Social VR with Hulu Takes A Major Step Forward

Readers of Digital Bodies will know that we see Social VR as critical to the future of Virtual Reality. Immersive experiences are compelling but there’s nothing so powerful as connecting with others. For VR to take off in Education and other areas, we need more than a VR headset as a modern variant of the Skinner Box. We want to engage with others in our virtual environments.

We’ve highlighted the major projects already underway. AltSpaceVR has staged cutting-edge events with performers such as Reggie Watts in its Front Row app. vTime takes a less ambitious approach but offers an incredibly fun and easy to use platform.

And on Wednesday, Hulu VR released its own take on social VR with an update for Oculus and its app for Samsung Gear VR. Hulu is leveraging Facebook’s research on social VR over the past year and it shows. It’s a well executed platform that puts you in a virtual environment with your friends.

Hulu’s Social VR

The Hulu VR app
The Hulu VR app

Here’s the details from TechCrunch:

Today, Hulu is updating its Gear VR and Rift apps to support Oculus’ latest social features. On Gear VR, users will soon be able to check out the Oculus Avatar and Rooms features, allowing everyone to watch Hulu’s 360-degree content together while paid subscribers will also be able to hang out in a virtual room and watch 2D content on the big screen.

Meanwhile, on the Rift, the app has enabled support for the Oculus Touch controllers so users can manually fidget around with the virtual environments while waiting for commercials to end.

The hands for the avatars are not all that effective yet – not up to what Facebook demoed with its VR experiments at OC3 last fall. And with the Samsung Gear VR app, there’s still no hand controller. But that will come in the near future.

The most interesting element is the support for virtual rooms for paid subscribers. It’s similar to the Front Row feature in AltSpaceVR but with more of a focus on the social engagement opportunities. This is Facebook after all, so you wouldn’t expect anything less. But the social dimension is what’s needed for VR to become widespread in educational settings. It won’t be long before we laugh at the Herculean efforts we currently go through to foster presence in online courses.

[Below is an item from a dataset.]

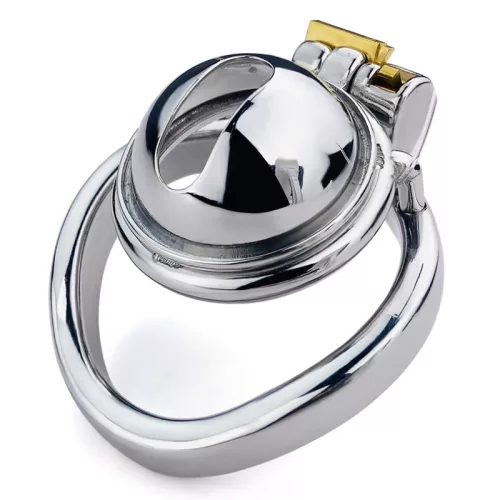 Smally – prémium kiszolgáltatottság ketrec 3,5 x 3 cm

Presence? Why I’m sitting right next to you in a virtual space. Why was this ever a problem?

First steps

Virtual Apartment in Oculus Rooms
The virtual apartment where you first land in Oculus Rooms.

Hulu’s VR upgrade will put pressure on Netflix and other platforms. And completely missing in this space is Sony’s PSVR and Google’s Daydream. Neither one seems to have a social strategy when it comes to immersive experiences. And that’s too bad as PSVR is the largest selling headset and Daydream has its amazing hand controller. They’ll come around shortly – by the end of this year we predict.

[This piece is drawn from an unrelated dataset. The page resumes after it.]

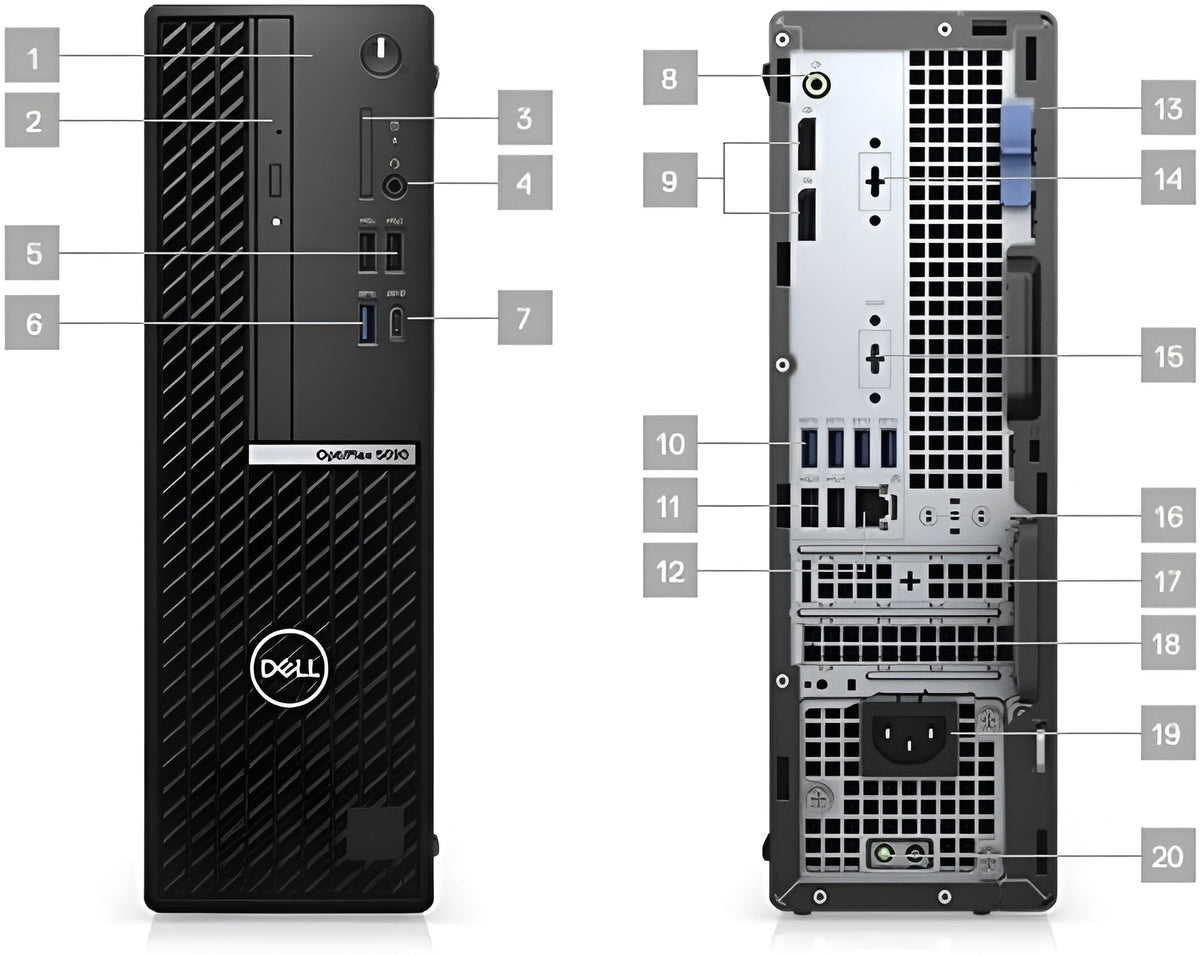 Dell OptiPlex 5090 SFF – photo 5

For all the fascination of seeing the avatars of others in virtual environments, this is only the beginning. Right now, social VR seems a bit like the lost civilizations of our early dial-up Bulletin Board Systems (BBS). All the rage in the 80’s and 90’s, they were swamped by the arrival of a media-rich Web. In the near future, VR becomes deeply social. When that happens, the solitary VR experience will only be a small part of our ubiquitously virtual lives.

And that’s a game changer all around.